Quinones, now a reporter for the Los Angeles Times, went to Mexico in 1994 to learn Spanish. Ten years, much travel, some freelance articles and a nonfiction book later (True Tales From Another Mexico), he precipitously decamped--with one disgruntled Mexican German Mennonite cokehead hot on his heels.

This book illuminates individual lives in a historic movement and muses on the nature of the movement.

Quinones tells nine stories here (11 if you count the title's "Antonio's Gun" in his introduction and his own "Leaving Mexico" Mennonite adventure as epilogue), but he incorporates with them the tales of others. He also includes economic, political and social background, as well as vivid descriptions of Mexican settings.

The Antonio story sets the stage for the others: It's early in the 20th century, just after the Mexican Revolution. Jaripo, Michoacán. The town boss--the cacique--orders his henchman, Juan Muratalla, to kill the Carrillo brothers, poor rancheros, to get the girlfriend of one of them. Antonio, the son of the other, vows revenge, but he's so poor, he has no gun. So Antonio heads for the United States. He finds work; he saves his money; he buys a pistol; he sends Muratalla word that he'll be back to kill him. On the appointed day, Muratalla and a group of gunmen are waiting for him, but Antonio outsmarts them. He surprises Muratalla, challenges him and shoots him dead, for all to see.

Antonio never returns to the United States. He got what he needed.

The people whose experiences Quinones recounts here don't go to the United States because they want to become U.S. citizens; they go because of what they lack at home. Born poor in a rigidly hierarchical society without opportunities, they depart; they work hard; they send home money. Then many begin to build their dream houses in their home villages ... for all to see. And to which to return.

Although individuals might prosper, emigration hasn't solved fundamental problems in Mexico, Quinones observes; it has discouraged development, created a dependence on "remittances" and fostered further emigration. And in a sad irony, whole villages in Mexico with showy immigrant "dream" houses standlargely depopulated.

Quinones uses the story of Delfino Juárez to represent and explain the migration. At 12, the son of a drunk who didn't support his family, Delfino made his first migration--to Mexico City from his Veracruz mountain village--to work construction.

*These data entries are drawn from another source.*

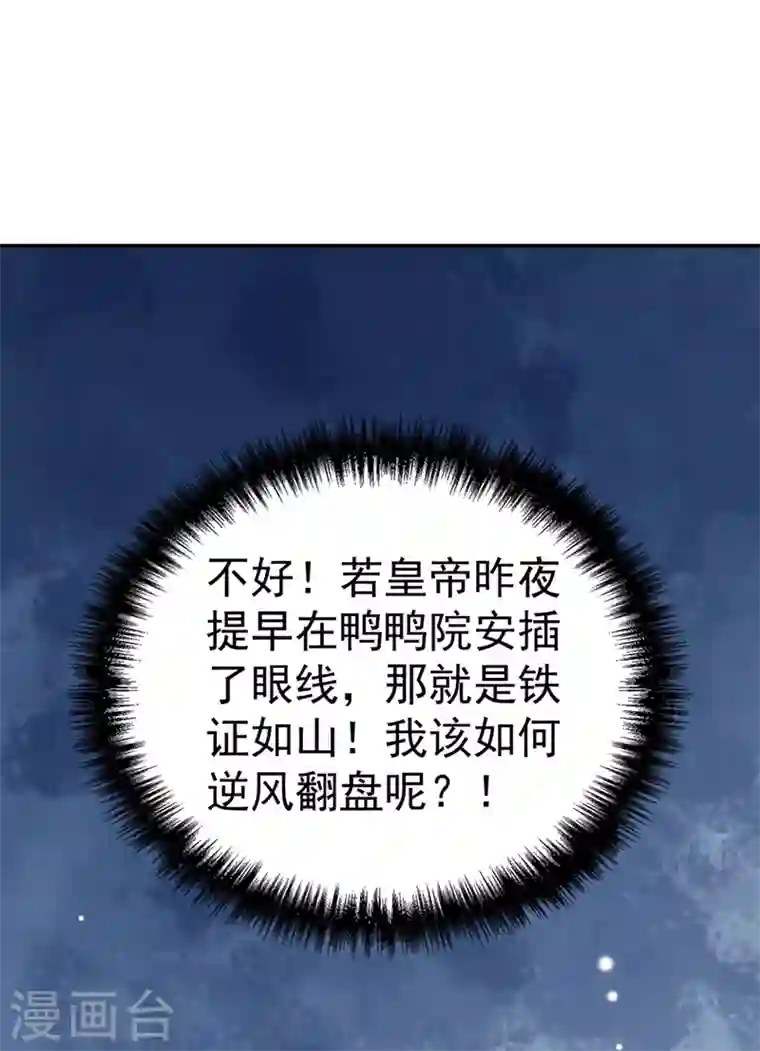 江山美男入我帐第70话 你休想诈我！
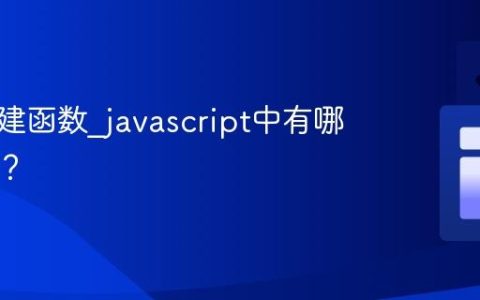 如何创建函数_javascript中有哪些方式？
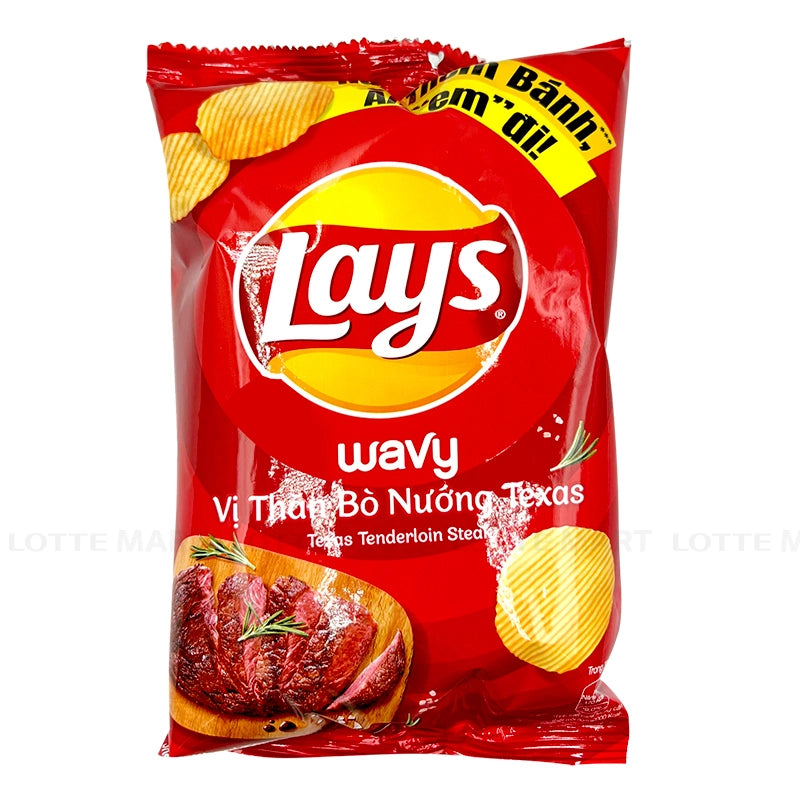 Lays Wavy Texas Steak Flavor - Vietnam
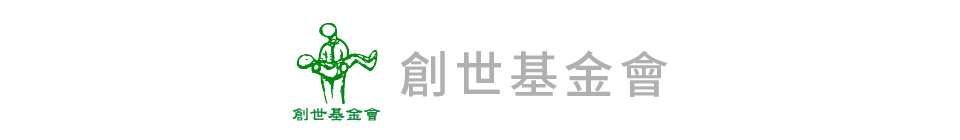 創世基金會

Though he was young and small, he found work. (On one job, he joined a crew of boys who demolished a three-story building by tying themselves to the roof, leaning out and smacking it with sledgehammers.) He slept on the building sites and got into drugs, alcohol, sex and piercings. He tried out punk, and then cholo personas.

But he sent money every week. The kid supported his family.

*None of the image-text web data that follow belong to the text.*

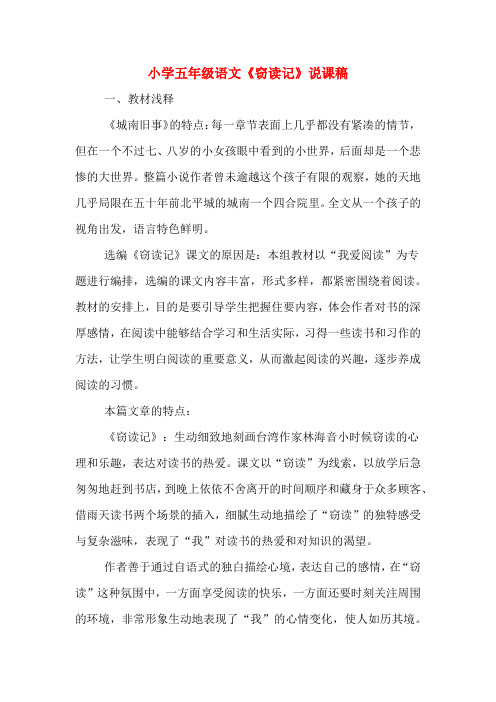 小学五年级语文《窃读记》说课稿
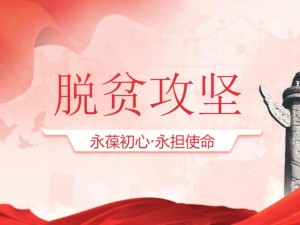 贫困顶梁柱保障行动，汇聚脱贫攻坚的温暖爱心力量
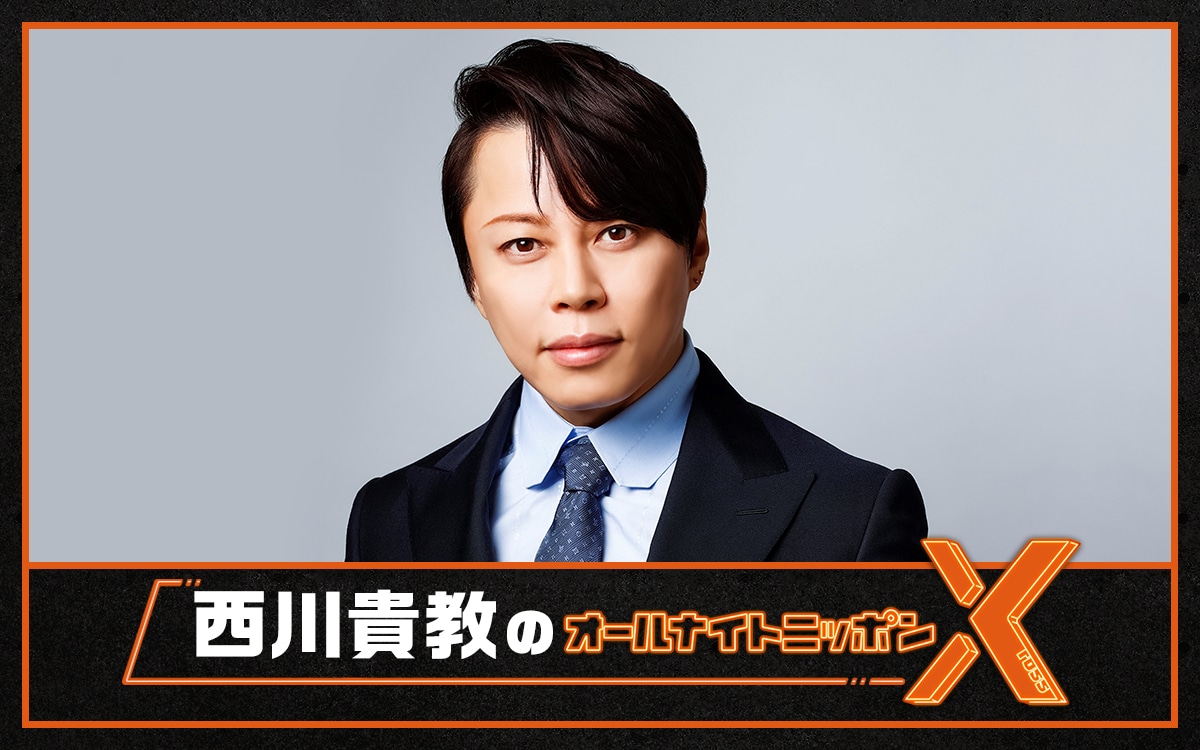 「オールナイトニッポン55周年記念 西川貴教のオールナイトニッポンX」告知ビジュアル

When he straightened out, he married a nice Puebla girl, and they had a baby. Delfino wanted more for his son than his father had provided for him, so he headed north.

After about two years in the Los Angeles flooring trade, Delfino Juárez, once the poorest kid in town, had a concrete block house with indoor plumbing and smoked-glass front windows. That catalyzed a migration from his mountain town to the United States.

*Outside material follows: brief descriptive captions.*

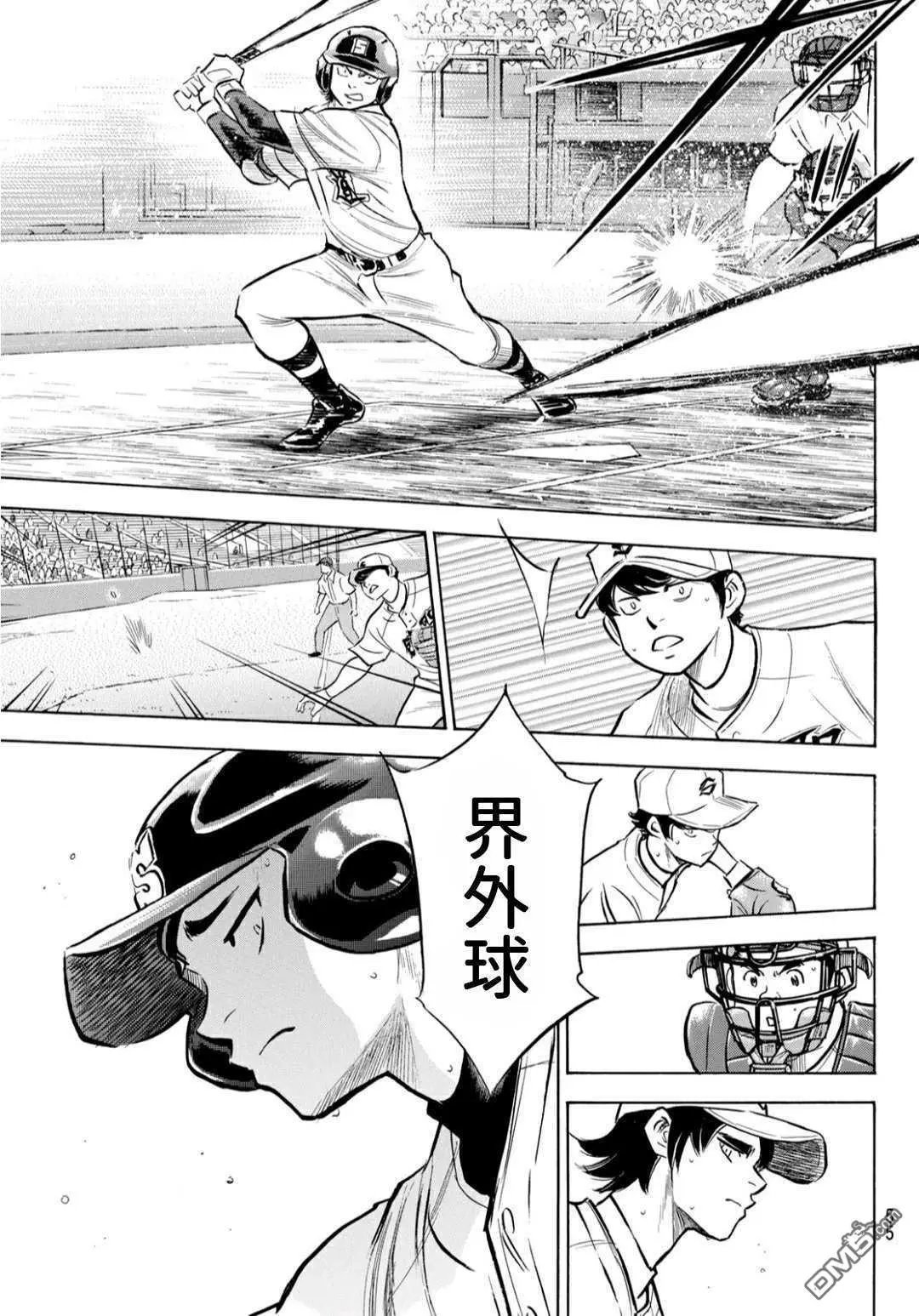 第2部206话 似乎会有惊人举动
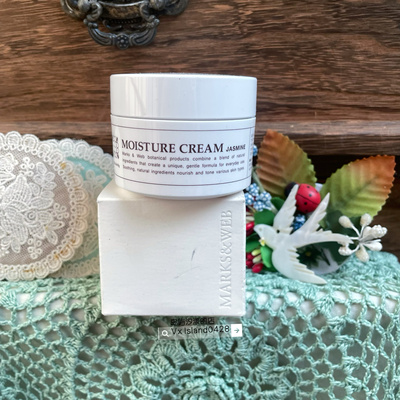 现货日本marks&web面霜小众marksweb茉莉限定45g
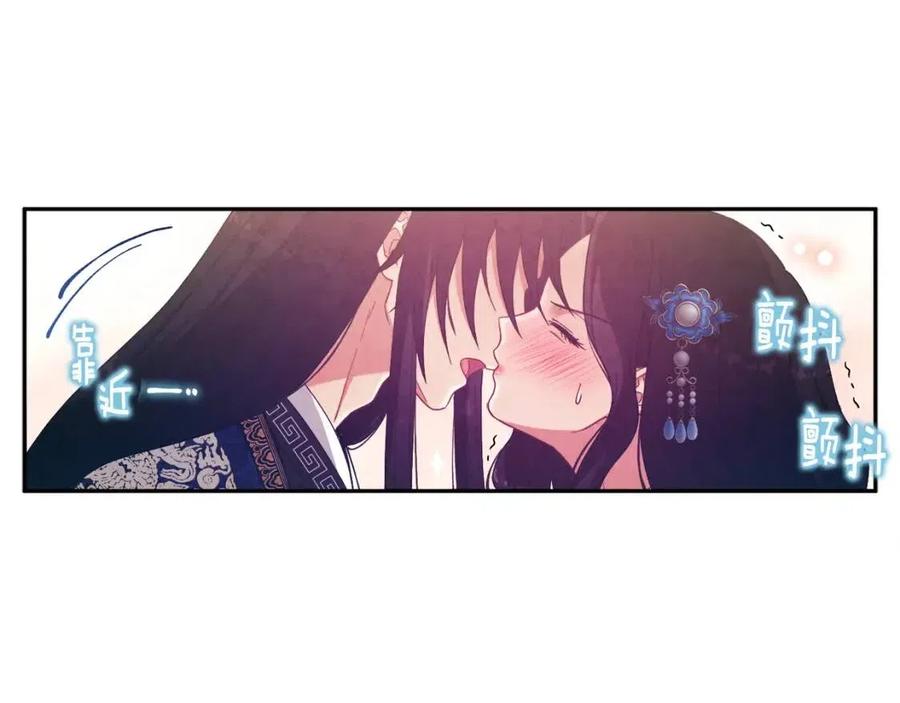第39话 失控33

The other tales in Antonio's Gun and Delfino's Dream are as varied and rich as Mexico is complex and colorful. In "The Tomato King," a farm worker who'd built a large and successful agricultural business near Sacramento, Calif., got himself elected mayor of his Zacatecas hometown. "The Saga of South Gate" relates the "Mexicanization" of politics in a Mexican immigrant Los Angeles suburb (with an astounding and entertaining series of outrageous acts of corruption until the immigrants themselves exercise their American voting rights).

There's an all-Hispanic soccer team in Kansas, the terrific (Who would've thought?) history of painting on black velvet, a move-you-to-tears tale of opera in Tijuana, the double-sided success of Zacatecan taco-stand entrepreneurs in Chicago, and the inside story of a migrant death in Tucson's back yard.

Antonio's Gun and Delfino's Dream was scrupulously researched. Given today's immigration debate, it's topical and timely. But most of all, it's infused with life and spirit and affection--the multifaceted, complicated, sorrowful, joyful, compromised and celebratory spirit of Mexicans on both sides of the border. And Quinones is a hell of a storyteller.